Waktu, satu-satunya hal yang tak bisa elakkan dan ditaklukkan. Dan kini, memasuki abad di mana ruang dan waktu tak berjarak dengan belahan dunia mana pun. Sehingga – boleh jadi – orang beribadah pun tergerus, dengan dunia yang serba digital, cepat berlari. Atau benar, “Tuhan telah Mati”? Termasuk di negeri ini, yang masih hidup kearifan lokalnya?
Upacara larung atau Pesta Laut di sejumlah wilayah negeri ini, masih berlangsung tiap tahun. Seperti di Pelabuhan Ratu, Pangandaran, Pantai Parangtritis, sampai Pantai Utara: Tegal-Pemalang-Pekalongan pun tetap dengan upacara adat itu. Di Bali, apalagi.
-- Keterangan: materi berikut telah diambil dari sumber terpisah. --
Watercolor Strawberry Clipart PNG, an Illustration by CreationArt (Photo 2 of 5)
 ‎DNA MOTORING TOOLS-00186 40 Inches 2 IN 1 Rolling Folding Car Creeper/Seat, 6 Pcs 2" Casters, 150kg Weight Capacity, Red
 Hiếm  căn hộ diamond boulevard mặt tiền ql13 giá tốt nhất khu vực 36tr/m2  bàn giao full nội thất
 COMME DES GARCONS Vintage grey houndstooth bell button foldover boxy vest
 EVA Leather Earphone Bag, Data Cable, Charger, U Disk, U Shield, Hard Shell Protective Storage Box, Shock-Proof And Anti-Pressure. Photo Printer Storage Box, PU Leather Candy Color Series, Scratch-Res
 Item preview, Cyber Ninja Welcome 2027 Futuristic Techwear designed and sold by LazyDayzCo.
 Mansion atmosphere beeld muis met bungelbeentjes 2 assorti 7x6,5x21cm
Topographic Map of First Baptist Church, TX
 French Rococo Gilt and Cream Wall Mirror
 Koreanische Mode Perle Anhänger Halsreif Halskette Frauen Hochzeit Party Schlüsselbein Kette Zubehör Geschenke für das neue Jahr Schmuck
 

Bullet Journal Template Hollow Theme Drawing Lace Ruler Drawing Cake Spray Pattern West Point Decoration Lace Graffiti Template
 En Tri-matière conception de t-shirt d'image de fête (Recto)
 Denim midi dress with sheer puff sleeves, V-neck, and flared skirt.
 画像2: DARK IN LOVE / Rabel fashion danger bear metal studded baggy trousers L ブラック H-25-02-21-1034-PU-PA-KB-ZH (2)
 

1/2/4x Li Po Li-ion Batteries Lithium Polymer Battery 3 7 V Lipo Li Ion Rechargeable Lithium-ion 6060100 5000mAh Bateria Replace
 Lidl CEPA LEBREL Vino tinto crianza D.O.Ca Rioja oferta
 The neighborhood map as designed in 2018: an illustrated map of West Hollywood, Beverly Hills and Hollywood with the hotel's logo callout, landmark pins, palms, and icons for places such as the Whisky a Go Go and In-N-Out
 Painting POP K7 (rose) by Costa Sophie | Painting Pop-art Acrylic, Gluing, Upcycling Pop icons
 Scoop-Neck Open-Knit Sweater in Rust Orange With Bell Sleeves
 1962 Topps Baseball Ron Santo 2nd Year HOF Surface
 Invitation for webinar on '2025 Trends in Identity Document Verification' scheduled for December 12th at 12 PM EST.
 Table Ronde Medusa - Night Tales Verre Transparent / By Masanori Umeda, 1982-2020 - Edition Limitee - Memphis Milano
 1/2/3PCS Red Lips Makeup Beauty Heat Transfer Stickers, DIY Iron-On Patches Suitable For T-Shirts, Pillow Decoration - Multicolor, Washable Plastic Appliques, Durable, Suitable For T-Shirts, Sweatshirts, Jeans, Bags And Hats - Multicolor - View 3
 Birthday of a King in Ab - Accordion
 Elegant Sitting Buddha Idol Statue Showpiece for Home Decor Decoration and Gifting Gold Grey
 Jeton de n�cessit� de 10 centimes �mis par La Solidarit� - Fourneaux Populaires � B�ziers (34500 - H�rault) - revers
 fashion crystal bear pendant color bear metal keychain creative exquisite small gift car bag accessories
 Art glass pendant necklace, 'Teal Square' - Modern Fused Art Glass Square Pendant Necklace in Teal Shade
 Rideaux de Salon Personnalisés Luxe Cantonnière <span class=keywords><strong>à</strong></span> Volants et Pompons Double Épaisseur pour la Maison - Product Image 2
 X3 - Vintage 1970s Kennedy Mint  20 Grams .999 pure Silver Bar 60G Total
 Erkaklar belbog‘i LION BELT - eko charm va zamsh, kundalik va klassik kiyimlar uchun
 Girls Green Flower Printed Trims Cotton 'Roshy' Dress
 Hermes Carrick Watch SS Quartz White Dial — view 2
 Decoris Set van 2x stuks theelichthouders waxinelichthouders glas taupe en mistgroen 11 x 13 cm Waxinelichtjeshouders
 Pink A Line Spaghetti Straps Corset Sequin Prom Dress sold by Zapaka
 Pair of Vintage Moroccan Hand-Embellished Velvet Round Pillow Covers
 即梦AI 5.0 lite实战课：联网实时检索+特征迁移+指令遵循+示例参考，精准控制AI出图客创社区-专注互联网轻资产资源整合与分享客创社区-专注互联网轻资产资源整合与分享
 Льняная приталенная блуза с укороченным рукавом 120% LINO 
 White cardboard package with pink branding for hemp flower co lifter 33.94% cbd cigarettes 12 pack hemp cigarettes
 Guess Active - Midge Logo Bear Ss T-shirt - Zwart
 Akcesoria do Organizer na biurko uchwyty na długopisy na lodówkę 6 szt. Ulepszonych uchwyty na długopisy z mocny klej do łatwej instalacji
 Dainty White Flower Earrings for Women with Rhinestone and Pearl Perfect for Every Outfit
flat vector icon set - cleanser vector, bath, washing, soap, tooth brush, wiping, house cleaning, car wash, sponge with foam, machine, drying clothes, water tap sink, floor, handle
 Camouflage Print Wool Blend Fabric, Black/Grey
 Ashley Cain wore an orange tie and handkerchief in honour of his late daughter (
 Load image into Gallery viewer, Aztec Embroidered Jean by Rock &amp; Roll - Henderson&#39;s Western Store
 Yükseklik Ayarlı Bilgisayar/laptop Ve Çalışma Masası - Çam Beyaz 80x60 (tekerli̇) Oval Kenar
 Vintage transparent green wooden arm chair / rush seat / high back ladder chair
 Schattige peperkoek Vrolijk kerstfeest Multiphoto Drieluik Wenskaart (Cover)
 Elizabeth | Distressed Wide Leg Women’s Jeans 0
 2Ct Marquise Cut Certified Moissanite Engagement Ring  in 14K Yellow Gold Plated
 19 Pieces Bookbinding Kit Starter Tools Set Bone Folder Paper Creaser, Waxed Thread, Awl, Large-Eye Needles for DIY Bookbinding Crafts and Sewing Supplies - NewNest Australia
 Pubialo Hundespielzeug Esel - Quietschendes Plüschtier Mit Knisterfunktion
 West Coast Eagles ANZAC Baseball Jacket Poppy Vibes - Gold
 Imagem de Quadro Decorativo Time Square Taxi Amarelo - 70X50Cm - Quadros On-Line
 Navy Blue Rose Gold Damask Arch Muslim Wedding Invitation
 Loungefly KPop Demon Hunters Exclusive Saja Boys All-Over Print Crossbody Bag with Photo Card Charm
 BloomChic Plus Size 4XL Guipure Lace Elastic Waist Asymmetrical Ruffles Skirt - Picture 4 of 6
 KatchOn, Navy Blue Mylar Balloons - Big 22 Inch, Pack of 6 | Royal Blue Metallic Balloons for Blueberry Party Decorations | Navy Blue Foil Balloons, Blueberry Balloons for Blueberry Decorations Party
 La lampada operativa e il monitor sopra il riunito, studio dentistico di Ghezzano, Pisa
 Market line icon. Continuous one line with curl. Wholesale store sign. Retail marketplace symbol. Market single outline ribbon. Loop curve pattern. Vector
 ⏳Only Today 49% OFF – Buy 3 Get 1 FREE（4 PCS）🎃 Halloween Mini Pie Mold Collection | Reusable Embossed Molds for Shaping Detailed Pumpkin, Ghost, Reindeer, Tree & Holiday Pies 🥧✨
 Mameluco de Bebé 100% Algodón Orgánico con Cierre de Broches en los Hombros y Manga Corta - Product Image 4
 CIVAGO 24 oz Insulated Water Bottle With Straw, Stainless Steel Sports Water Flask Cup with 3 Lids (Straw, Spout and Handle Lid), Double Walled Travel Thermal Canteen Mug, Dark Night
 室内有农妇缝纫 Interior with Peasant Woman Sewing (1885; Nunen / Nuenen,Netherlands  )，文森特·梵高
Dan masyarakat tetap merawat keberagaman itu, tanpa usil kalau tidak ingin disebut terlibat dengan berbagai pertimbangannya.
Lalu, kita begitu miris budaya ber“sampurasun” kemudian justru dibelokkan oleh organisasi Islam yang mestinya menjadi kedamaian tanpa memaksakan kehendak. Padahal, budaya di tatar Sunda tak ada yang bertentangan dengan ajaran yang dibawa Nabi Muhammad SAW. Sehingga Acil Bimbo – yang selama ini menyuarakan lagu-lagu religious (jenis qasidah modern) perlu menantang pimpinan organisasi Islam yang berlebihan itu. Yang beginian, tentu, ruwet kita merawatnya. Bukan rahmatan lil alamin lagi, jadinya.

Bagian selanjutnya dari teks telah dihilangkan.